WHAT IS BEING ASKED:
Repeat the lines below exactly as written, please, from the line with "If you're wondering" to the line with "Hello, everyone. In", both lines included, and no others.
*** DATASET RECORDS Section Begins ***
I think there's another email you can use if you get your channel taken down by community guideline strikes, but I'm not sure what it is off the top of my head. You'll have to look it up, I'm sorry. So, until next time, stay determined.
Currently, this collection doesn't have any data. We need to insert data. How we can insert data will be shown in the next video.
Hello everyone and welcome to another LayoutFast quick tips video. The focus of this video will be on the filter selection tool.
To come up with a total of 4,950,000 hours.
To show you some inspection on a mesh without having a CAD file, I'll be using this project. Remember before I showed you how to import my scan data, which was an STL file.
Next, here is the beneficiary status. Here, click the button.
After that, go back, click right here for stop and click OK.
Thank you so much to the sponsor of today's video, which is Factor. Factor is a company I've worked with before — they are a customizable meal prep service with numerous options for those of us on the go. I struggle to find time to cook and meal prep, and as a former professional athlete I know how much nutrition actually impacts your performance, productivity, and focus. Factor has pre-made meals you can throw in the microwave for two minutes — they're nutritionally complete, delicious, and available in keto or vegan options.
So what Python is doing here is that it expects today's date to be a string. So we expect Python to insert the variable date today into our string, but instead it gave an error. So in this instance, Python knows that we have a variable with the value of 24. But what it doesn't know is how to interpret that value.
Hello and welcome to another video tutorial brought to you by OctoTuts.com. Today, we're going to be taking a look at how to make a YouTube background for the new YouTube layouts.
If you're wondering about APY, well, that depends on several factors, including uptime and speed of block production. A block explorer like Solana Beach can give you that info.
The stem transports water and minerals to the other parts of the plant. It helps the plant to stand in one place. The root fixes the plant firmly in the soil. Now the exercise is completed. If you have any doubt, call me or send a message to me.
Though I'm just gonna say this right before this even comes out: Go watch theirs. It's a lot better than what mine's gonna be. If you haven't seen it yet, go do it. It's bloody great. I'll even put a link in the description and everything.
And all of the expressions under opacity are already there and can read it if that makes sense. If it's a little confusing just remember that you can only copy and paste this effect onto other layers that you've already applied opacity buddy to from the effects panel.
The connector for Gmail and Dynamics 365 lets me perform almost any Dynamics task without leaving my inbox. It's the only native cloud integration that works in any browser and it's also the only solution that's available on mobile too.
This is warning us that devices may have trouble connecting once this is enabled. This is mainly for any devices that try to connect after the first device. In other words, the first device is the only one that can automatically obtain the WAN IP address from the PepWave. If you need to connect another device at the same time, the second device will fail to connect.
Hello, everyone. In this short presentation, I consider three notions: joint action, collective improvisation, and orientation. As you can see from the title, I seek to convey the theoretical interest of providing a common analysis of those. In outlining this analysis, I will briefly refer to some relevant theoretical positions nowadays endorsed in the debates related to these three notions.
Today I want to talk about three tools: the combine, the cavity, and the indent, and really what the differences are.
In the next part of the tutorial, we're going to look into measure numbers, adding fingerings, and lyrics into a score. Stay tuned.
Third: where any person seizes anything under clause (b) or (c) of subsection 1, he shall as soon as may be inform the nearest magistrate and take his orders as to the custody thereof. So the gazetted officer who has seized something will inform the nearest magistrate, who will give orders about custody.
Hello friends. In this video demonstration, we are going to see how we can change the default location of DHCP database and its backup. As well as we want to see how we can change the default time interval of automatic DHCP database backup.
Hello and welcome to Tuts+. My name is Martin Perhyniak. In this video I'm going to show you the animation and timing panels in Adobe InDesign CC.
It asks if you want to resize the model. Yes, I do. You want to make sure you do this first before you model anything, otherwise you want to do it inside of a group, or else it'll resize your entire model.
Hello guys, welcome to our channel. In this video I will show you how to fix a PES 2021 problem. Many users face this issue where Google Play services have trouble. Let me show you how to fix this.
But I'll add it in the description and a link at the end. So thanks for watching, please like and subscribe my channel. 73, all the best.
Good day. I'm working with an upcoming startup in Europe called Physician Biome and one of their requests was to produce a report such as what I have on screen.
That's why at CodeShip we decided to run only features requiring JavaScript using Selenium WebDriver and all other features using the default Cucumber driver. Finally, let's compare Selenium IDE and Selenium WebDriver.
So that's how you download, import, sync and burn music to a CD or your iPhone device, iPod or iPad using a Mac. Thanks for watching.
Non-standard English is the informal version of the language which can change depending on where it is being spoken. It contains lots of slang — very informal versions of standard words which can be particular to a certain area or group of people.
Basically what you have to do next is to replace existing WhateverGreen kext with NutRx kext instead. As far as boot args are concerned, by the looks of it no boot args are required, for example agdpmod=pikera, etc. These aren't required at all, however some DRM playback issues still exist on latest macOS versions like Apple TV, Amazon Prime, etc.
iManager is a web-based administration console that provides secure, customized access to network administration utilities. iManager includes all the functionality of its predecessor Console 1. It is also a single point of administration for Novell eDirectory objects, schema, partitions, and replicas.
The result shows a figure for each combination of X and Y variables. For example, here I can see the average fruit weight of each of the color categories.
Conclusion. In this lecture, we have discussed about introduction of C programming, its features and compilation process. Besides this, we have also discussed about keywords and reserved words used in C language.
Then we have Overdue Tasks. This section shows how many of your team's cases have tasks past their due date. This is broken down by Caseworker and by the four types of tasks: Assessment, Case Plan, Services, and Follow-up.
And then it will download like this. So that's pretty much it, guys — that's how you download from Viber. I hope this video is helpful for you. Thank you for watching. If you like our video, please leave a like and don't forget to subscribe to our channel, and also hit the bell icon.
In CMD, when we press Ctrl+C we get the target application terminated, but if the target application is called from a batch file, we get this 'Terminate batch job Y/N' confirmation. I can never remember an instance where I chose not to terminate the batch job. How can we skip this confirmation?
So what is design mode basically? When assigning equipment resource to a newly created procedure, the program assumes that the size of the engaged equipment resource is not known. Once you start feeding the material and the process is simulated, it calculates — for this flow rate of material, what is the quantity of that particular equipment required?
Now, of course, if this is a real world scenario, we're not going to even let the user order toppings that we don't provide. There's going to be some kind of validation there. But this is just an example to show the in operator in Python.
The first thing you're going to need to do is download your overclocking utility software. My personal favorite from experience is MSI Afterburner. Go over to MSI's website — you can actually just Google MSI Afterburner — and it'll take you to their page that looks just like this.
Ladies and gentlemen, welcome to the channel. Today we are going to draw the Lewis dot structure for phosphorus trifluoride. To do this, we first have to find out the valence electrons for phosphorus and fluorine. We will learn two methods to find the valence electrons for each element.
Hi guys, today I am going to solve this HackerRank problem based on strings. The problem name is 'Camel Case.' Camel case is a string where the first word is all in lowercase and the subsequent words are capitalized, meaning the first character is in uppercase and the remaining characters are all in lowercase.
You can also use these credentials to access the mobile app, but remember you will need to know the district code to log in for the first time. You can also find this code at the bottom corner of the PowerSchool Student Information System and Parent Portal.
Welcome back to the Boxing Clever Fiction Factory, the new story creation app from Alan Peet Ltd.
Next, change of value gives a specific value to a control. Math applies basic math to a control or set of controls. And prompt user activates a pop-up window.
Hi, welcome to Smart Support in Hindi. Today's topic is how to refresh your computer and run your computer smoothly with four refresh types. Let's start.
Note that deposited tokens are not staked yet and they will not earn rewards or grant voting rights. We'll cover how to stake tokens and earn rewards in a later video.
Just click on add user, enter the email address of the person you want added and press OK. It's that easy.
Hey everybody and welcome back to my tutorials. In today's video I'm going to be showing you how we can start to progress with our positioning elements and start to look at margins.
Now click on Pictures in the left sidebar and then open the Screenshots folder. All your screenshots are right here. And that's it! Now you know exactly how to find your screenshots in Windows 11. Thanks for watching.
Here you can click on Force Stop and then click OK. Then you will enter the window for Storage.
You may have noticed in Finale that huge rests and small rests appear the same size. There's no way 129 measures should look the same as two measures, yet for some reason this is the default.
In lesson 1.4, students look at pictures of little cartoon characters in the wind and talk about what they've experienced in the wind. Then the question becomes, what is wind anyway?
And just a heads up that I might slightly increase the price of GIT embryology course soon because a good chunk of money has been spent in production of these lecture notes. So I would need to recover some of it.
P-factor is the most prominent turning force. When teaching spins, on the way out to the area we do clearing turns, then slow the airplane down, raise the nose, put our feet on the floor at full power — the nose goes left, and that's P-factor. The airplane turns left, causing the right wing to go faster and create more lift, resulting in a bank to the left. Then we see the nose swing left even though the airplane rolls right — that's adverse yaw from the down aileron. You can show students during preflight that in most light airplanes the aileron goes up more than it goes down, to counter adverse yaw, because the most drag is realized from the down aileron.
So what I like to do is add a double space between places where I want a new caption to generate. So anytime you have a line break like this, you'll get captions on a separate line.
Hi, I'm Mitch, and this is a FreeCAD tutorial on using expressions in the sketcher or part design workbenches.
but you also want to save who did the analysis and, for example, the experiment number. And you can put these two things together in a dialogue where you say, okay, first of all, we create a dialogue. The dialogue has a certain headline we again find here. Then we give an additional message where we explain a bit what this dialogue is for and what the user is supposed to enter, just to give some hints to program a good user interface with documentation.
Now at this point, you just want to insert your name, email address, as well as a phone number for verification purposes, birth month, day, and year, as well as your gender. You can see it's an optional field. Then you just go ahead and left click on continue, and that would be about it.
*** DATASET RECORDS Section Ends ***
TASK ANSWER:
If you're wondering about APY, well, that depends on several factors, including uptime and speed of block production. A block explorer like Solana Beach can give you that info.
The stem transports water and minerals to the other parts of the plant. It helps the plant to stand in one place. The root fixes the plant firmly in the soil. Now the exercise is completed. If you have any doubt, call me or send a message to me.
Though I'm just gonna say this right before this even comes out: Go watch theirs. It's a lot better than what mine's gonna be. If you haven't seen it yet, go do it. It's bloody great. I'll even put a link in the description and everything.
And all of the expressions under opacity are already there and can read it if that makes sense. If it's a little confusing just remember that you can only copy and paste this effect onto other layers that you've already applied opacity buddy to from the effects panel.
The connector for Gmail and Dynamics 365 lets me perform almost any Dynamics task without leaving my inbox. It's the only native cloud integration that works in any browser and it's also the only solution that's available on mobile too.
This is warning us that devices may have trouble connecting once this is enabled. This is mainly for any devices that try to connect after the first device. In other words, the first device is the only one that can automatically obtain the WAN IP address from the PepWave. If you need to connect another device at the same time, the second device will fail to connect.
Hello, everyone. In this short presentation, I consider three notions: joint action, collective improvisation, and orientation. As you can see from the title, I seek to convey the theoretical interest of providing a common analysis of those. In outlining this analysis, I will briefly refer to some relevant theoretical positions nowadays endorsed in the debates related to these three notions.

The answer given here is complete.